Records for processing ->

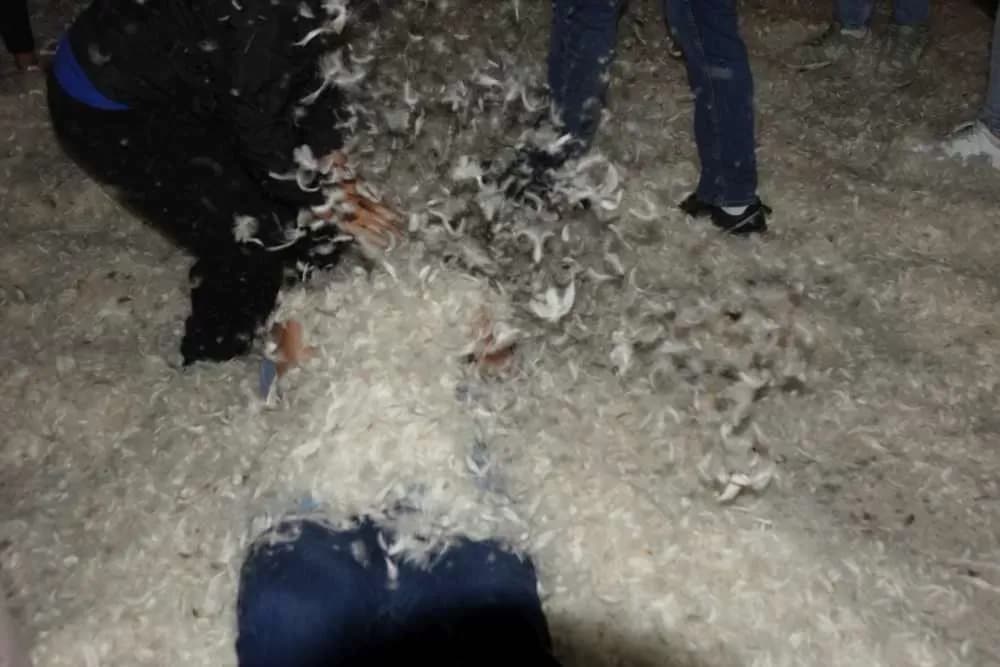 Slavonska fešta za pamćenje: Rođeni blizanci Bruno i Borna, slavilo se uz perje, pjesmu i 90. rođendan pradjeda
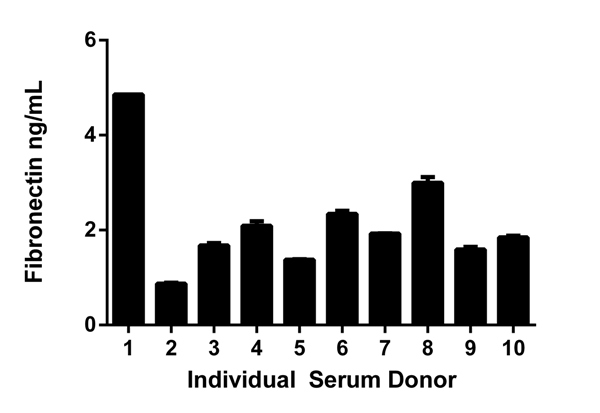 Background subtracted data from duplicate measurements are plotted.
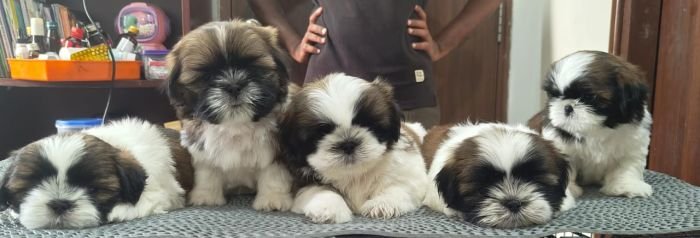 DogsIndia.com - Shih Tzu - Hari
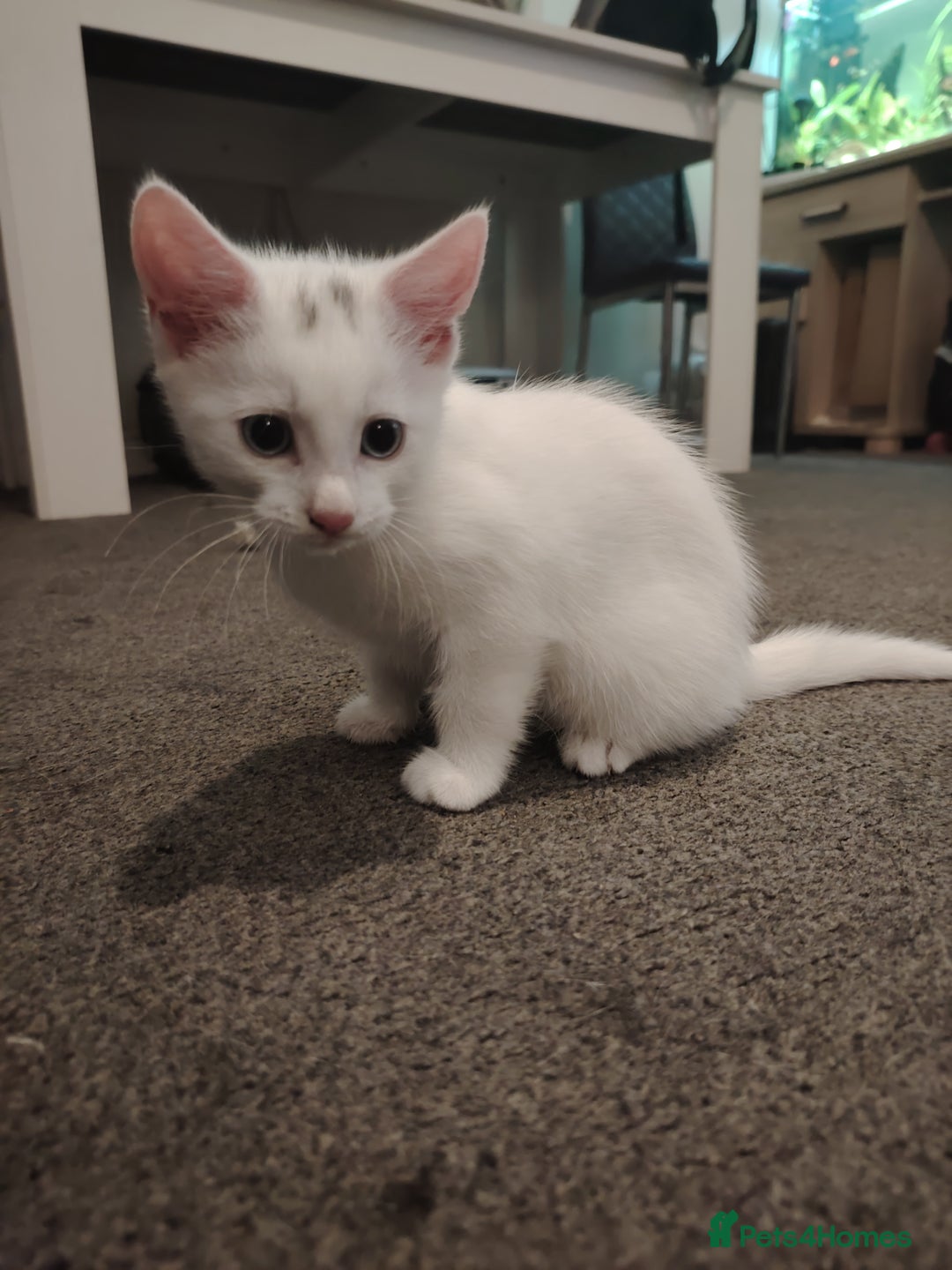 Mixed Breed cats for sale: 3 kittens for sale  - Image 7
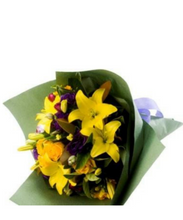 Carregar imagem no visualizador da galeria, Íris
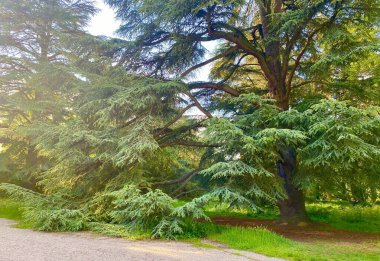 Fransa 'nın Sceaux parkındaki güzel yeşil sedir ağacı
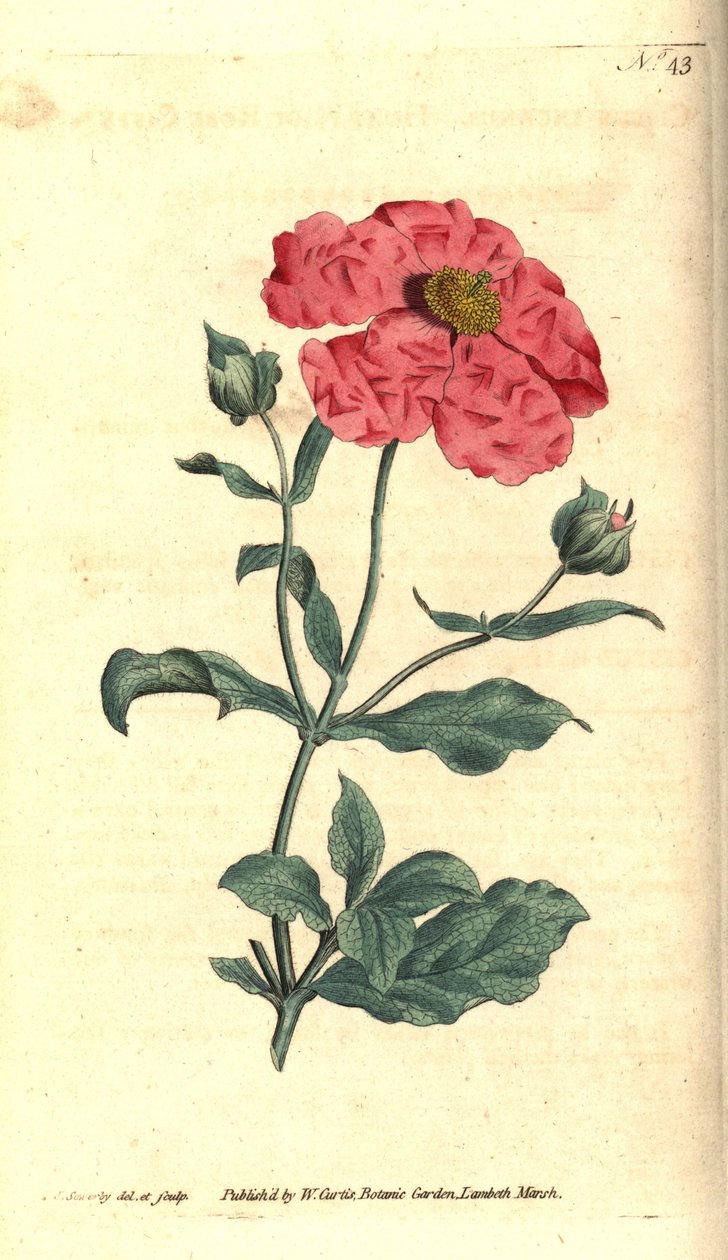 Cistus - Hoary cistus rose gold cistus, Cistus incanus. James Sowerby kézzel színezett rézmetszet és botanikai illusztrációja a William Curtis The Botanical Magazine-jából, Lambeth Marsh, London alkotó: James Sowerby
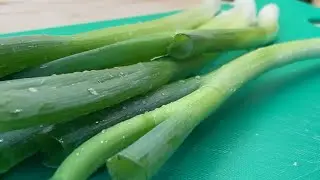 Lowers blood sugar levels with spring onion  prevent cold and flu and you eyes!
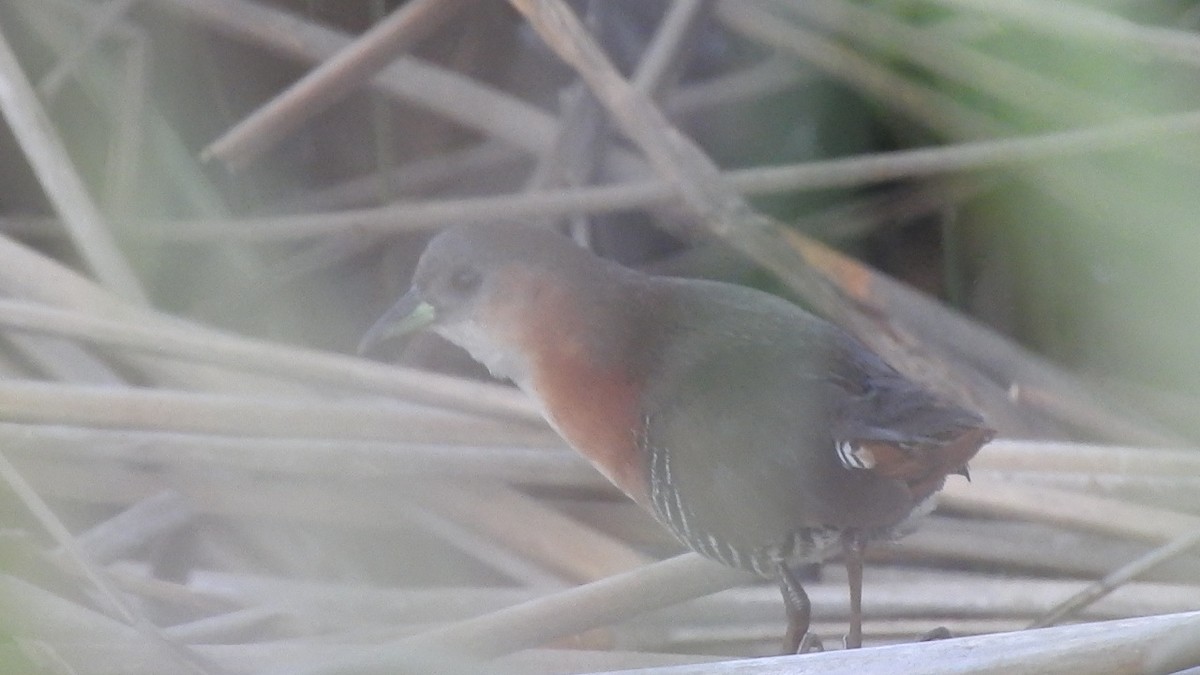 ノドジロコビトクイナ - ML641310901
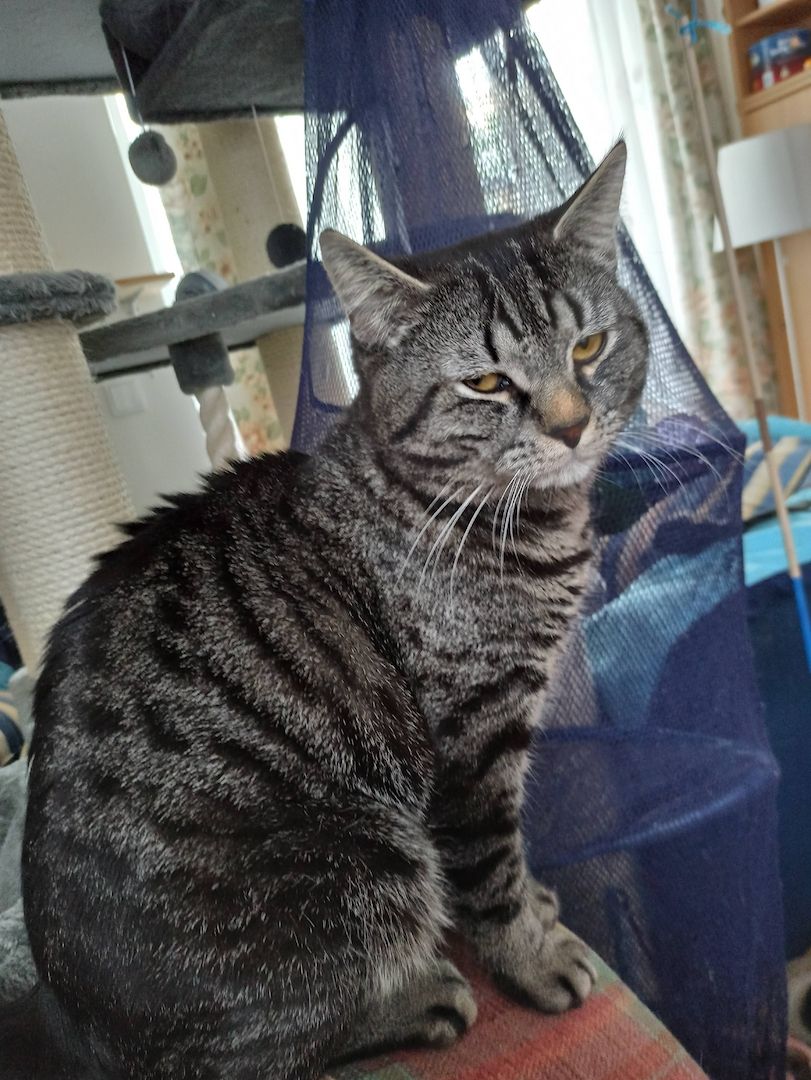 Ein hübscher BKH Deckkater in Farbe schwarz/grau getigert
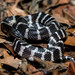 Many-banded Krait - Photo (c) 尹若宇, some rights reserved (CC BY-NC), uploaded by 尹若宇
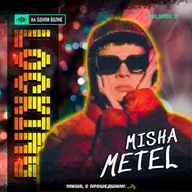 На одной волне с Мишей Метельковым (Локинг. Volume 2)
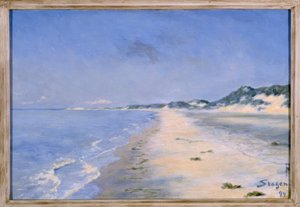 Ein herrlicher Sommertag in Skagen von Einar Hein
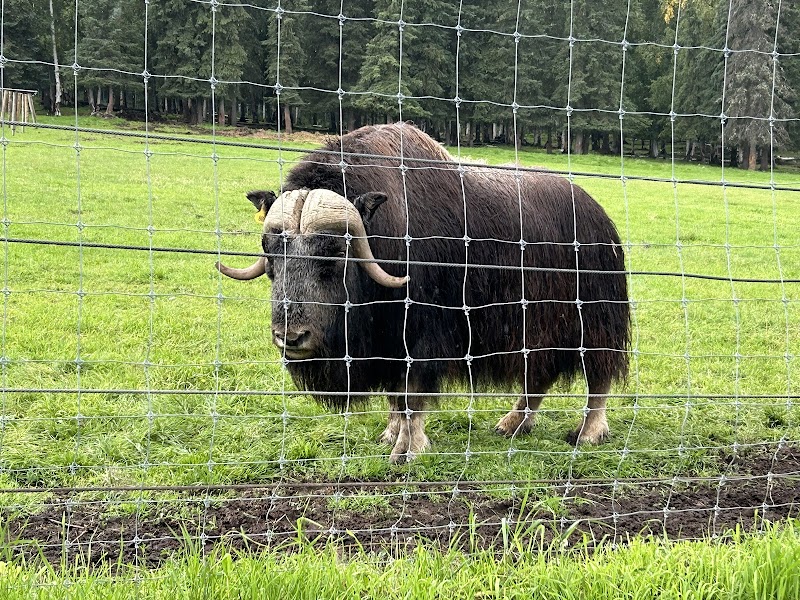 Large Animal Research Station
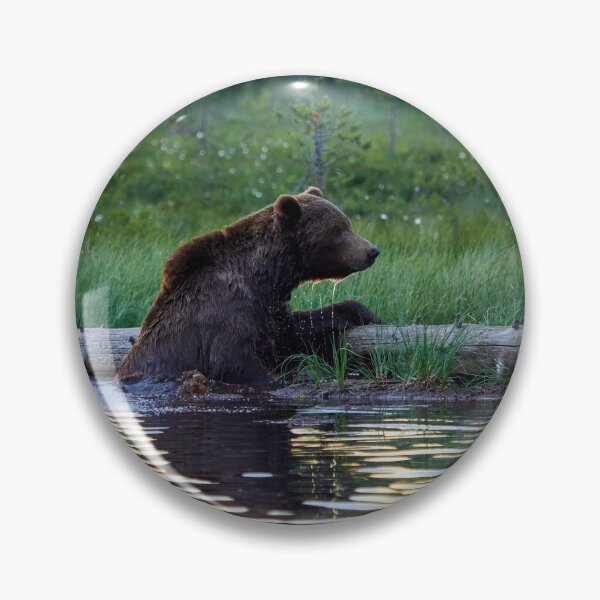 Item preview, One cold  bear please. Brown bear designed and sold by Jouko Lehto Photography.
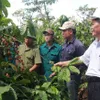 Đắk Lắk to reduce coffee-growing area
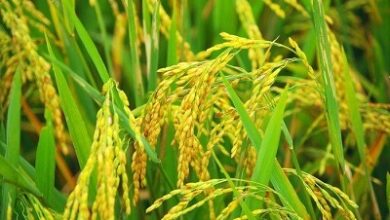 बारिश ने बढ़ाई किसानों की मुश्किलें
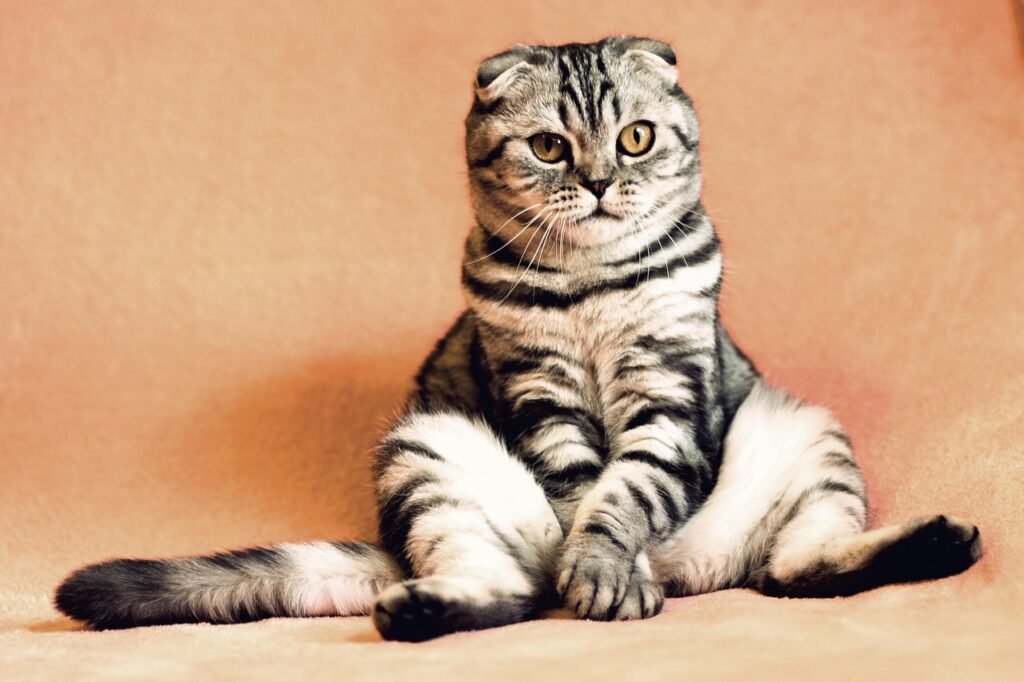 cat, kitten, pets, animals, housecat, feline, pet, nature, sitting, animal, funny, cute, adorable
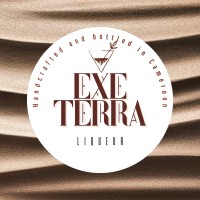 Exe Terra logo - Similar company to Mood.
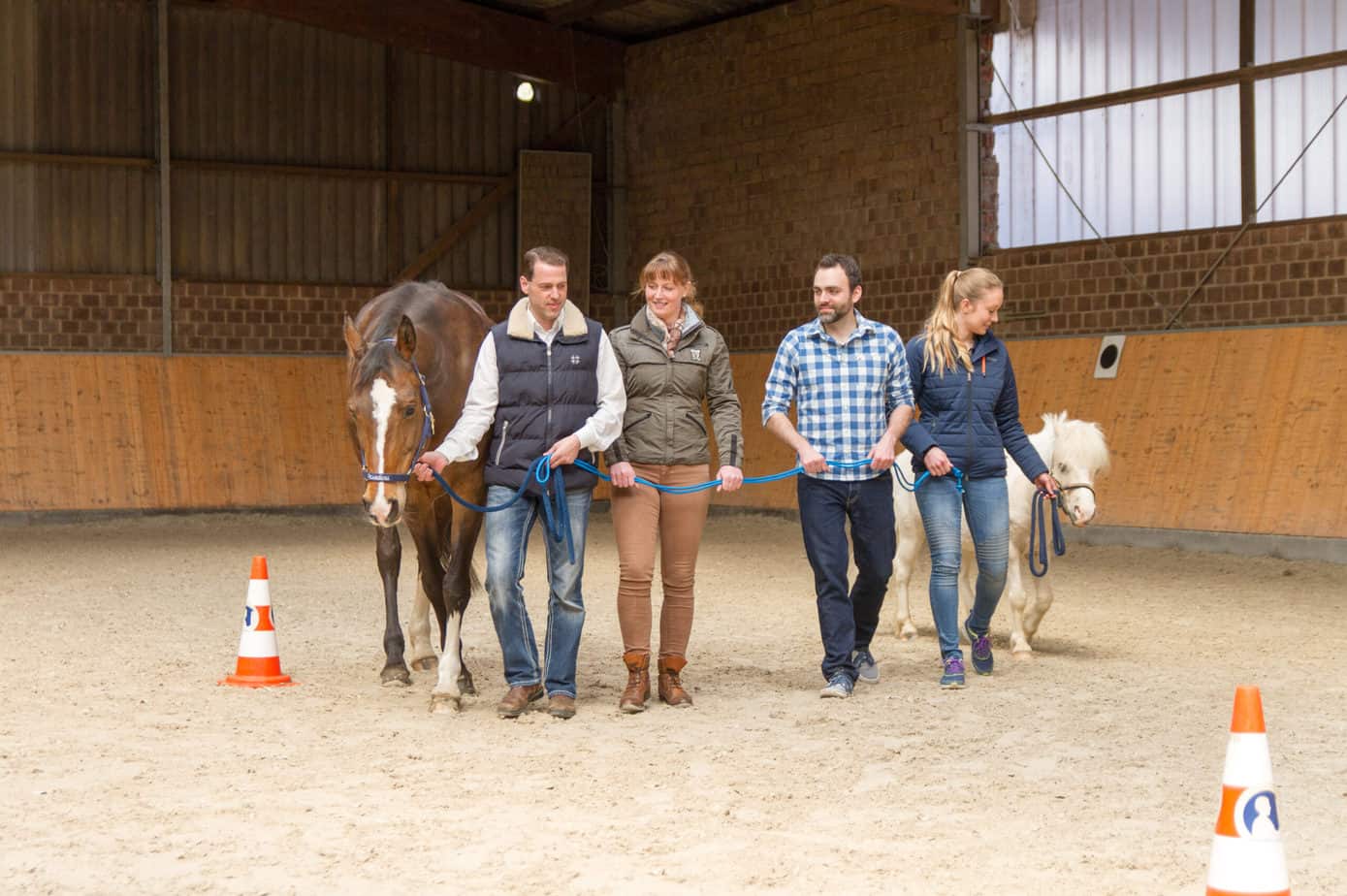 vier Teilnehmer eines pferdegestützten Teamcoachings in einer Übung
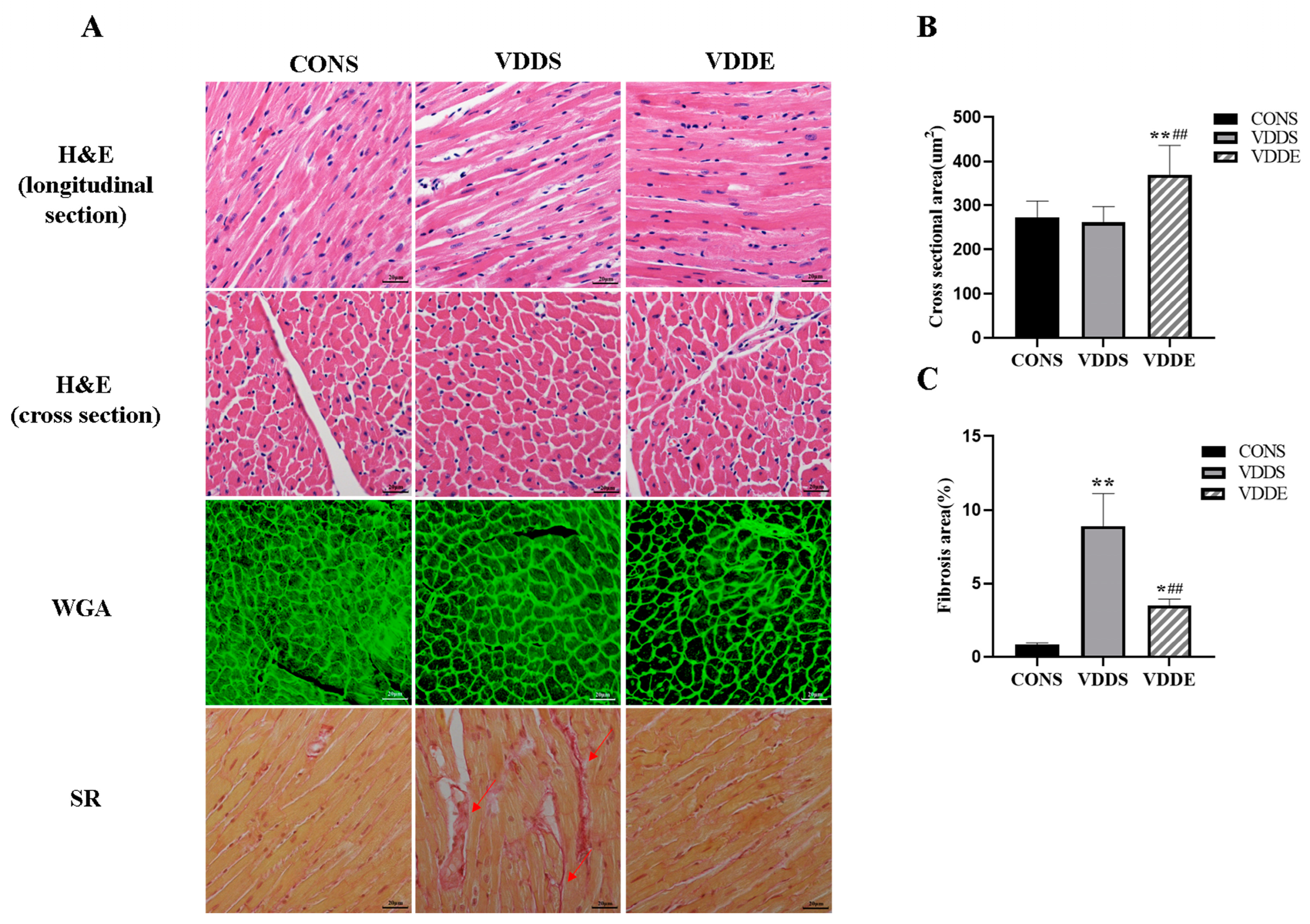 Nutrients 15 00741 g004 Nutrients 15 00741 g004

Problem to solve ->
Each line from the one containing "vier Teilnehmer eines" down to the final line of the records above must be reproduced exactly; no pictures go into the copy.

Completed task ->
 vier Teilnehmer eines pferdegestützten Teamcoachings in einer Übung
 Nutrients 15 00741 g004 Nutrients 15 00741 g004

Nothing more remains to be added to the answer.